Under the title “I’m Human”, some of Al-Aqrab Prison detainees began a sit-in Monday inside the prison to protest the violations committed by the prison administration against the prisoners and their families, according to an official statement published on a Facebook page for families of Al-Aqrab’s detainees.
The statement indicated that Al-Aqrab prison is not complying with Egyptian prison laws. Detainees and their families called for the application of prison laws in Egypt such as the current standards of food, water, and visits do not abide by those stated in the laws, the statement read.
“This prison is under very strict guardianship; its administration is committing several violations concerning prisoners’ rights, this needs to be improved promptly,” member of the National Human Rights Council (NCHR) Nasr Amin told Daily News Egypt.
The majority of Al–Aqrab prisoners are allegedly members of the Muslim Brotherhood although the Ministry of Interior has not provided clear statistics about the total prison population in Al-Aqrab, Amin said.
Spokesman of the Strong Egypt Party Ahmed Emam demanded the immediate closure of Al-Aqrab prison and the investigation of prison officials. Al-Aqrab prison is considered the most dangerous and inhumane prison in Egypt; detainees and their families are denied their right to visitation, Emam said in a statement on the party’s Facebook page.
According to testimonies from detainees’ families, when they are allowed to visit, there are glass barriers between families and detainees, which is illegal according to prison law. Brotherhood deputy supreme guide Khairat El-Shater’s daughter recently filed a lawsuit against authorities to remove the glass barrier; the court decided to postpone the hearing to April.

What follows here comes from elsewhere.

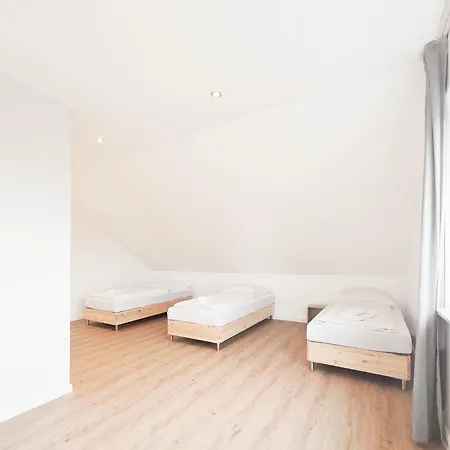 Raj Living - 5 - Balcony - Kitchen - Washing Machine - Next To Cologne *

Egyptian Coordination for rights and freedoms published statements Monday on its official Facebook page documenting information about violations against detainees inside Al-Aqrab prison. The statements focused on how some detainees’ appearance were affected due to malnutrition by posting before and after photos of each detainee the group had documented.
Last week, dozens of family members gathered in front of the Press Syndicate to protest the treatment of the prisoners, demanding that the ministry allow winter clothing and visits. The relatives at the protest, which was organised by the Association of Relatives of the Al-Aqrab Prison Detainees, held up photos of the detainees and related stories of alleged violations.
In a related incident, 16 local NGOs including the state-backed National Centre for Human Rights, demanded the establishment of a “independent investigation team to examine the conditions of the prisoners in Al-Aqrab.
Al-Aqrab Prison was built in 1993 under the reign of notorious former minister of interior Habib Al-Adly and hosted many political prisoners and high-profile inmates accused of being involved in terrorist activities. It continued to be used to host defendants accused of violence and terrorism.